## Define Variables

Assign path to DBFS, we will update 5 silver tables for movie casting activity.

In [0]:
bronzetable = "movie_classic_bronze"
silver_tablename = ['clean_genres_silver','clean_movie_silver','clean_OriginalLanguage_silver','clean_revenue_silver','clean_movie_genres_silver']

user = 'Han_Wu'
classicPipelinePath = f"/dbassignment1_v2/movie/user/"
bronzePath = classicPipelinePath + "bronze/"
silverPath1 = classicPipelinePath + "silver1/"
silverPath2 = classicPipelinePath + "silver2/"
silverPath3 = classicPipelinePath + "silver3/"
silverPath4 = classicPipelinePath + "silver4/"
silverPath5 = classicPipelinePath + "silver5/"
path_list = [silverPath1,silverPath2,silverPath3,silverPath4,silverPath5]
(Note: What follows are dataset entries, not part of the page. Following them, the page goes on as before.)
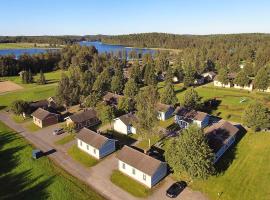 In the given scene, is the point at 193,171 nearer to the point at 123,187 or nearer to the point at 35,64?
the point at 123,187

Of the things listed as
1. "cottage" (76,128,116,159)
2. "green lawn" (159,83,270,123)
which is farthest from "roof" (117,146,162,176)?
"green lawn" (159,83,270,123)

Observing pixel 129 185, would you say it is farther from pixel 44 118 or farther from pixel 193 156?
pixel 44 118

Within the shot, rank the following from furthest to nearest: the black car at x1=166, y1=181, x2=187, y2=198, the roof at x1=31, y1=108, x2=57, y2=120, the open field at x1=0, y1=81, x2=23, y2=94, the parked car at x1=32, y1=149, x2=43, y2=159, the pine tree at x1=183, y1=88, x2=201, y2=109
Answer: the open field at x1=0, y1=81, x2=23, y2=94
the pine tree at x1=183, y1=88, x2=201, y2=109
the roof at x1=31, y1=108, x2=57, y2=120
the parked car at x1=32, y1=149, x2=43, y2=159
the black car at x1=166, y1=181, x2=187, y2=198

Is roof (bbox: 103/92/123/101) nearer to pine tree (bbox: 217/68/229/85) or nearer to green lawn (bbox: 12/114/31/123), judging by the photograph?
green lawn (bbox: 12/114/31/123)

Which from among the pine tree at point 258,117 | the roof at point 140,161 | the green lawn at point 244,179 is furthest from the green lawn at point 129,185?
the pine tree at point 258,117

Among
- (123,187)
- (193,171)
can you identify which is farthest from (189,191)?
(123,187)

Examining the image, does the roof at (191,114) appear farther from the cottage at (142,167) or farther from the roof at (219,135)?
the cottage at (142,167) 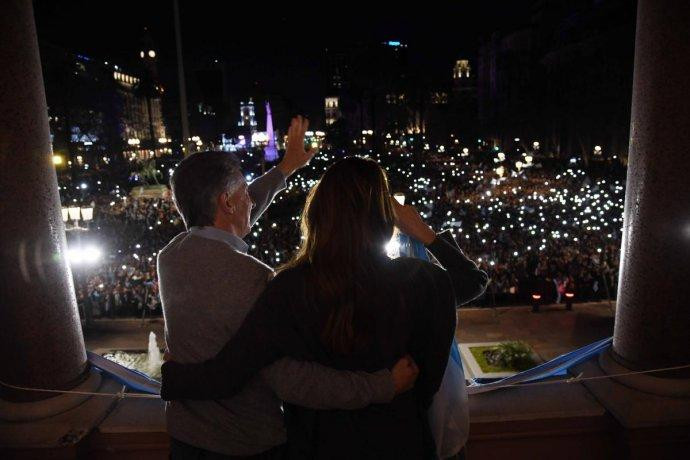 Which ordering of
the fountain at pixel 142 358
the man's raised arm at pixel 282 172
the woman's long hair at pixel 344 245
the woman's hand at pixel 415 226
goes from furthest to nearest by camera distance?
the fountain at pixel 142 358
the man's raised arm at pixel 282 172
the woman's hand at pixel 415 226
the woman's long hair at pixel 344 245

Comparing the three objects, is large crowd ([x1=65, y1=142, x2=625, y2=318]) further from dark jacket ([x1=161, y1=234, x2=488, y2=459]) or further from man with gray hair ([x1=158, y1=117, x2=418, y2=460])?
dark jacket ([x1=161, y1=234, x2=488, y2=459])

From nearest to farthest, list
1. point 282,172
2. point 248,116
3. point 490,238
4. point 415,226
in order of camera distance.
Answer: point 415,226, point 282,172, point 490,238, point 248,116

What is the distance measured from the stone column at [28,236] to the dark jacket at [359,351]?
185 centimetres

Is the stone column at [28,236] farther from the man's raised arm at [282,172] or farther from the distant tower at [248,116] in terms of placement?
the distant tower at [248,116]

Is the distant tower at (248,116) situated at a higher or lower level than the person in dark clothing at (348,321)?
higher

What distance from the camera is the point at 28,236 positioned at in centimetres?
336

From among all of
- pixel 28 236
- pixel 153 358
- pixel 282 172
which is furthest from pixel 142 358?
pixel 282 172

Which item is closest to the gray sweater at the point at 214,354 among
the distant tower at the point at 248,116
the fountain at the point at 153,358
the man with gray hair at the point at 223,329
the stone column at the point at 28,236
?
the man with gray hair at the point at 223,329

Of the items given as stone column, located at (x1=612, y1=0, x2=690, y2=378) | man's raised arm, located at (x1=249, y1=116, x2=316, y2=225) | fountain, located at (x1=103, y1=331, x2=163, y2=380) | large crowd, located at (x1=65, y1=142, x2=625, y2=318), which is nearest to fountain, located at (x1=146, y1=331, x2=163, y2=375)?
fountain, located at (x1=103, y1=331, x2=163, y2=380)

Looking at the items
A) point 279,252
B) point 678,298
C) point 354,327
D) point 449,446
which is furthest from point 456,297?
point 279,252

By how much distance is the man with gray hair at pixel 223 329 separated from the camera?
191cm

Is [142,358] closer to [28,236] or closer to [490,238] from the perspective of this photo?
[28,236]

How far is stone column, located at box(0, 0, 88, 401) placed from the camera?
330 centimetres

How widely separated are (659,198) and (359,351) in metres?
2.55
#silverQuarantinePath = classicPipelinePath + "silverQuarantine/"
#goldPath = classicPipelinePath + "gold/"

## Import Operation Functions

In [0]:
%run /Users/goodareny@gmail.com/movie_function

## Load Datasource
using defined function `read_batch_raw`

In [0]:
rawpath = 'dbfs:/FileStore/shared_uploads/goodareny@gmail.com'
rawDF = read_batch_raw(rawpath)

## Display the Raw

In [0]:
# display(rawDF)
rawDF.count() # got 9992 distinct orginal raw records

## Ingestion Metadata
using defined function `transform_raw` to add metadata: `datasource`, `ingesttime`, `status`, `p_ingestdate`. The `status` is `new` once imported.

In [0]:
transformedRawDF = transform_raw(rawDF) # raw dataframe with metadata

## WRITE Batch to a Bronze
use defined function `batch_writer` to write delta files into `bronzePath`

In [0]:
dbutils.fs.rm(bronzePath, recurse=True) # empty bronzepath to avoid duplicated ingestion for the begining

In [0]:
rawToBronzeWriter = batch_writer( transformedRawDF, partition_column="p_ingestdate") # mode is append
rawToBronzeWriter.save(bronzePath) 

## Register the Bronze Table in the Metastore
use `create_table` function to create bronze table from `bronzePath`

In [0]:
create_table(spark,bronzetable, bronzePath)

## Purge Raw File Path
manually delete updated raw

In [0]:
# dbutils.fs.rm(rawPath, recurse=True)

## Bronze to Silver Step

## Make Notebook Idempotent

In [0]:
dbutils.fs.rm(silverPath1, recurse=True)
dbutils.fs.rm(silverPath2, recurse=True)
dbutils.fs.rm(silverPath3, recurse=True)
dbutils.fs.rm(silverPath4, recurse=True)
dbutils.fs.rm(silverPath5, recurse=True)

## Load New Records from the Bronze Records
`read_batch_bronze` only loaded `new` from Bronze by default

In [0]:
bronzeDF = read_batch_bronze(bronzetable)
bronzeDF.count()

### Split the Bronze
use `bronze_silver_tracker` function, which splits Bronze into `silver_tracker_clean`, `silver_tracker_quarantine`

In [0]:
silver_tracker_clean, silver_tracker_quarantine = bronze_silver_tracker(bronzeDF)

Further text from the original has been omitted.